On the identification of group II introns in nucleotide sequence data.
Palabras clave
Abstracto
Four different consensus sequences (GTI, group II identifiers) have been derived from domains V of known group II introns and are used as query input sequences for sensitive database screenings with the FASTA and LFASTA programs. The set of four GTI sequences can identify all domains V of the 96 known group II introns in the completely sequenced chloroplast genomes of Marchantia polymorpha, Epifagus virginiana, Oryza sativa, Nicotiana tabacum and the completely sequenced mitochondrial genomes of Saccharomyces cerevisiae, Podospora anserina, Schizosaccharomyces pombe and Marchantia polymorpha.
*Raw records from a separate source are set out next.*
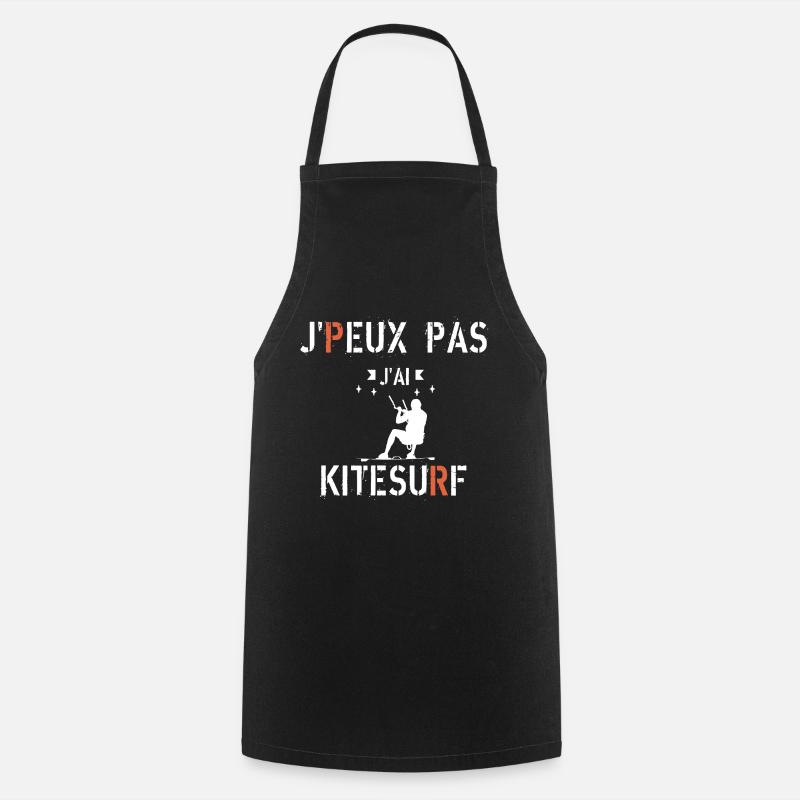 Je peux pas j ai kitesurf - Tablier de cuisine - noir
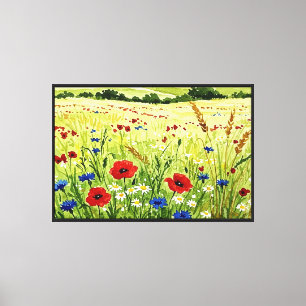 Rural landscape canvas print
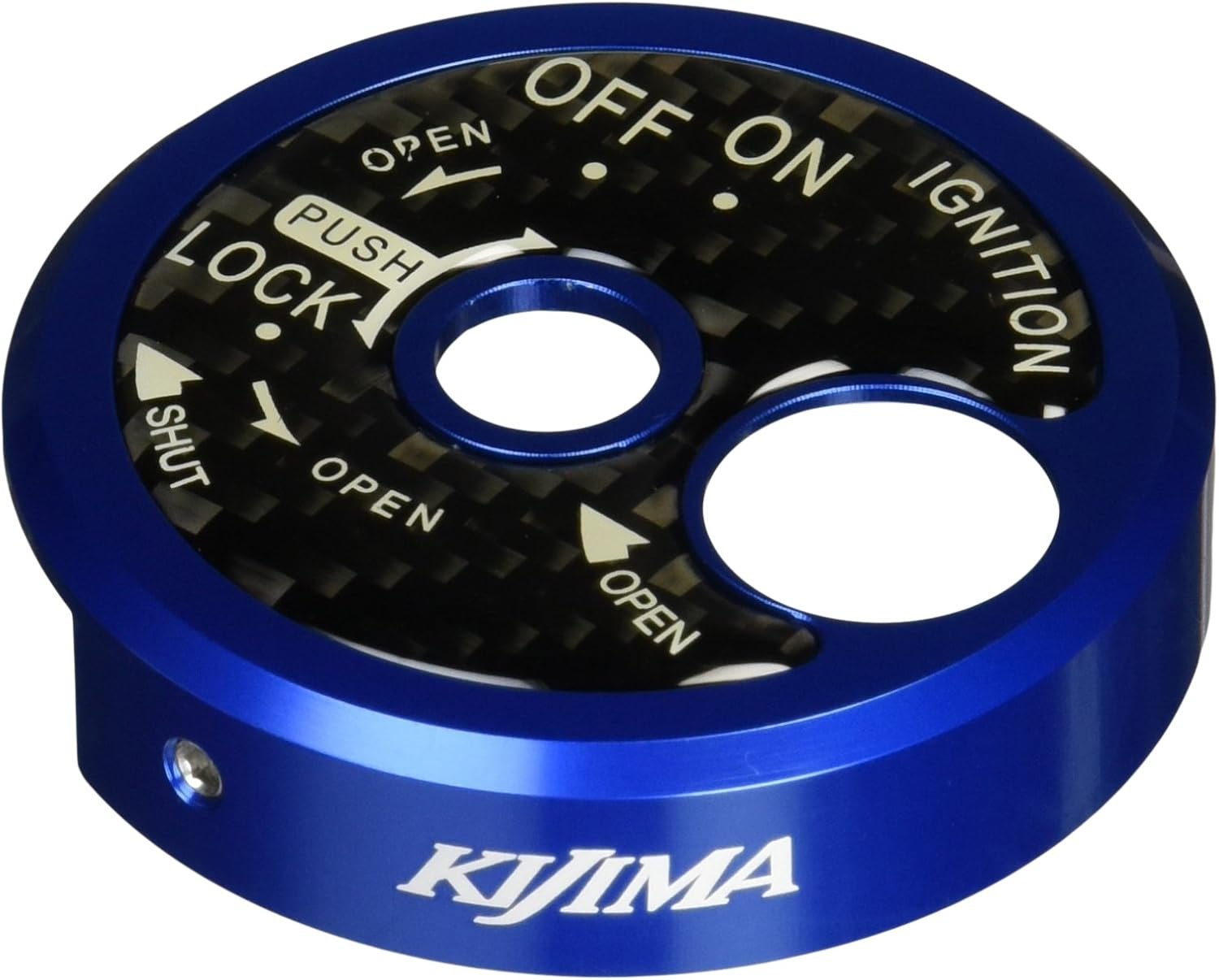 Kijima (Kijima) Key Cylinder Cover CNC Blue Cygnus X-FI (28S / 1YP) 208-3089
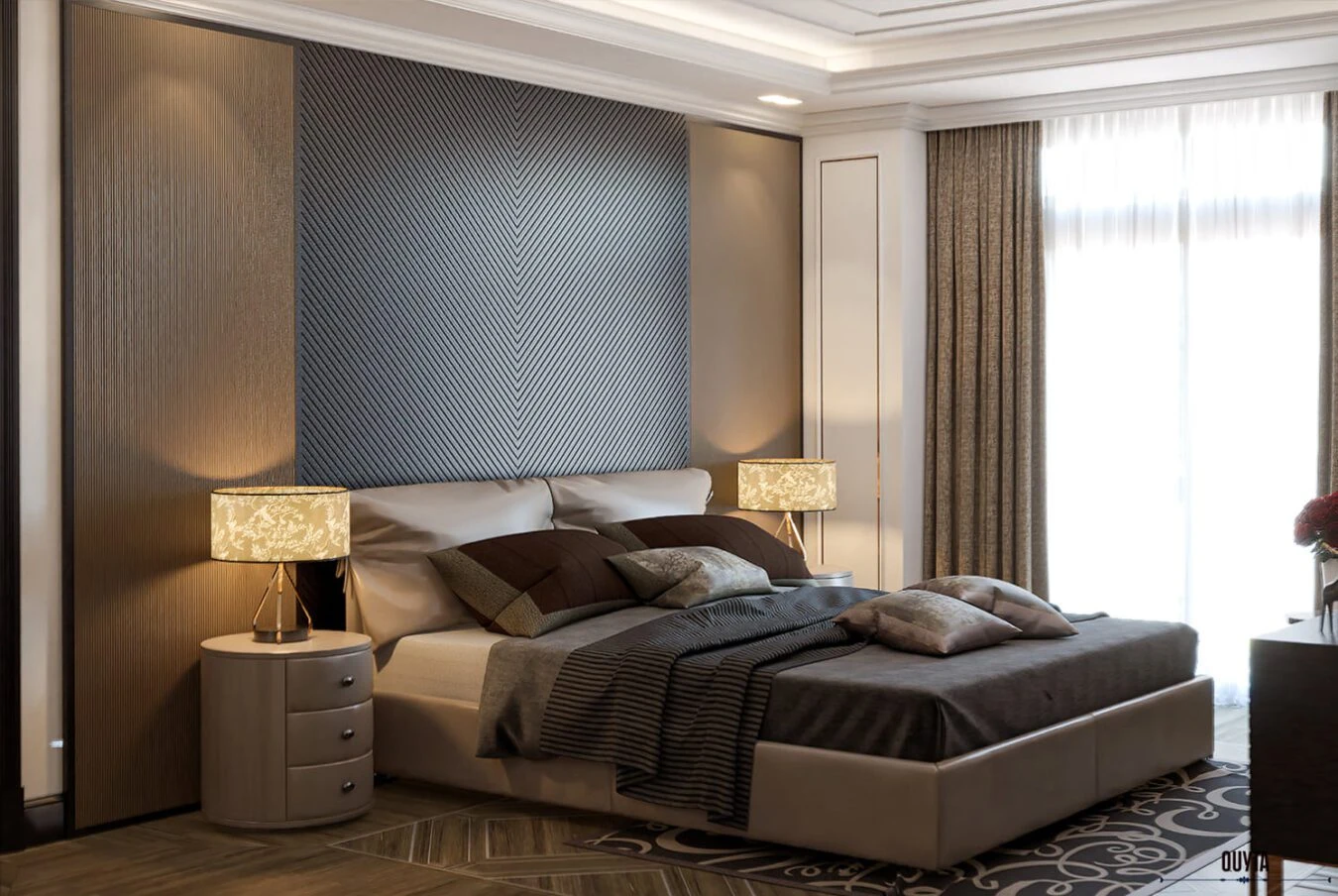 Modern Bedroom Sketchup Scene Free Download ID 101000598 (Quy Ta)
Seven moderately high-scoring hits can easily be rejected as false-positives since they do not fulfil secondary structure requirements. Large FASTA outputs obtained after screening the entire nucleotide sequence database are evaluated in a second step by a program (D5SCAN) that allows the assignment of variable selection criteria for potential domain V secondary structures. Database searches with these routines yield evidence for several group II intron sequences previously unrecognized. These include novel intron structures in the cyanobacterium Synechocystis and in the mitochondrial genomes of Marchantia, soybean, pea, broad bean, sugar beet and a heterobasidiomycete. Potential intron remnants are found contributing to the secondary structure of rRNAs in several trypanosome species. At a given sensitivity of 95% positively identified true domains V, the search routine produces one false positive hit per 10,000 kb.